Artificial leaf chemistry
04 April 2011 - Catalysis
In photosynthesis water and carbon dioxide in the presence of light react together to form carbohydrates and oxygen. In artificial photosynthesis this process is recreated in the laboratory. In a recent venture Barry Carpenter has plotted the next step in photosynthesis based on a certain carbon dioxide reduction using amines (Richardson et al. 2011 DOI). In this system CO2 is reduced by a metal porphyrin or metal corrole with p-terphenyl (PTP) as photosensitiser. The metal is reactivated by an tertiary amine as sacrifical catalyst (a.k.a. reductive quencher) This reaction is well known but thus far not very practical because it has not been possible yet to generate the amine.

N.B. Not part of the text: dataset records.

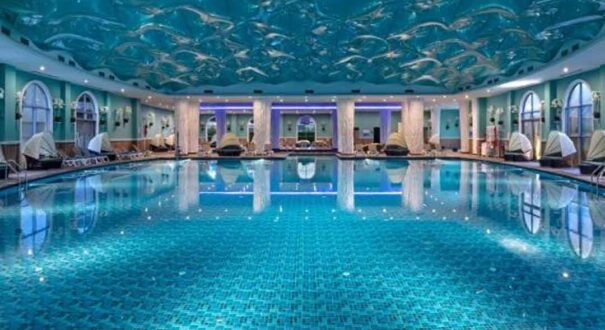 هتل گرانادا لاکچری بلک (Granada Luxury Belek) آنتالیا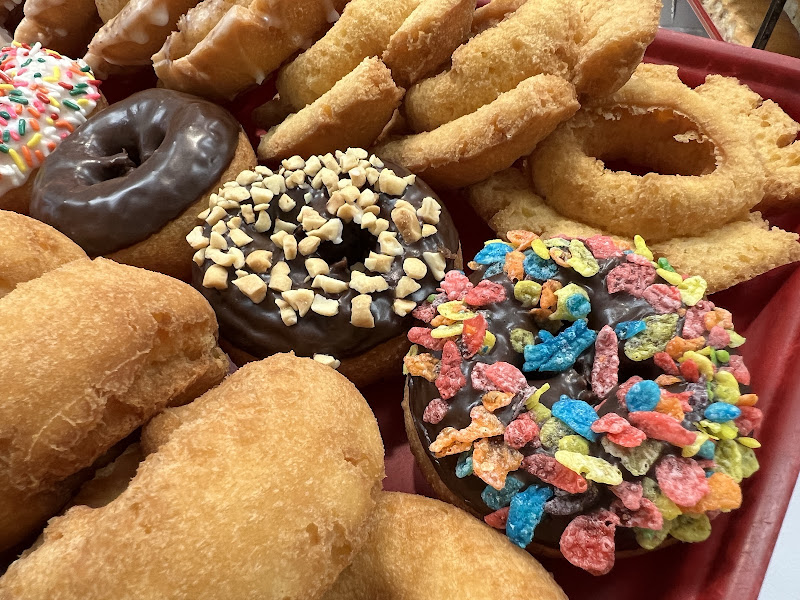 Central Donut 3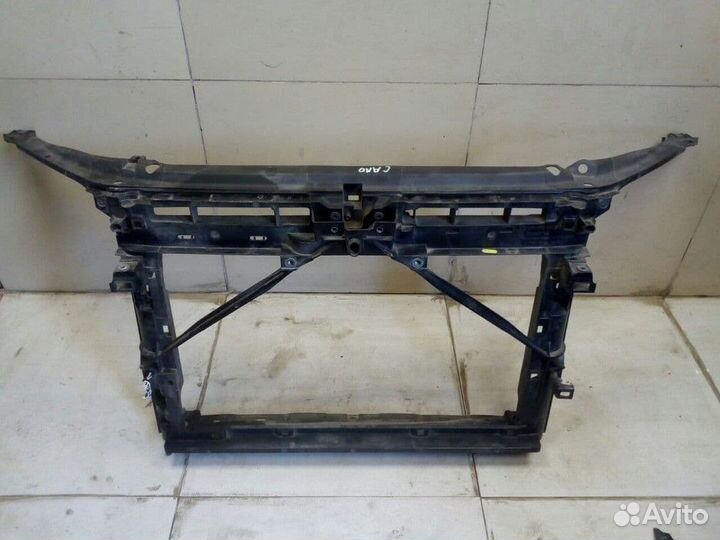 Панель передняя Skoda Octavia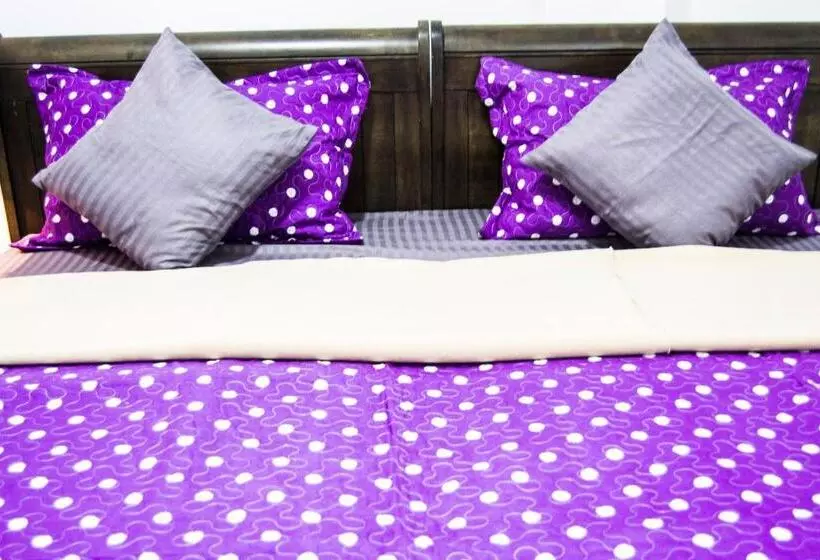 Hotelli The Cubes Ella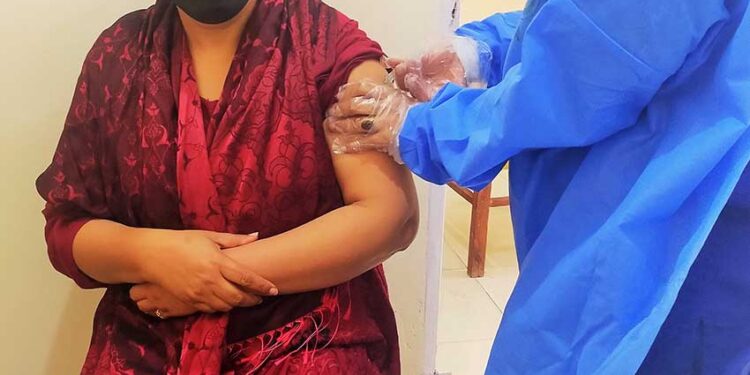 The Importance of Vaccination: Combating Misinformation and Expanding Access.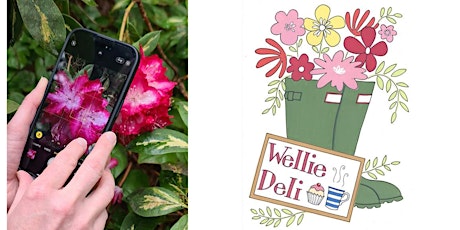 Smartphone Photography Workshop at The Wellie Deli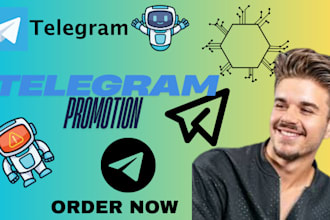 promote your telegram channel, telegram group, telegram engagement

In Carpenter's novel system the amine is regenerated in a kind of internal transfer hydrogenation. The catalyst (1) reacts with CO2 to form a radical cation 2 and a CO2 radical anion. A proton is then transfered to nitrogen from the neighboring bridge and the molecules cage structure makes sure this is an efficient step. The CO2 radical anion collects two protons first from the amino group and then from the alkyl bridge in a Hofmann elimination.
The spent amino catalyst 5 now has an alkene group. In the grand scheme yet to be worked out CO2 reduction is coupled with photochemical water oxidation forming oxygen and hydrogen. Hydrogen then regenerates the catalyst. For now the Carpenter group made sure formic acid was formed and that the proposed structure for 5 was correct. Not all went according to plan: hydrogenation of 5 back to 1 with H2/Pd/C was possible in ethyl acetate but not in ethanol. The formation of 6 (after chloroform quench) is unexplained but amines are well known to behave oddly.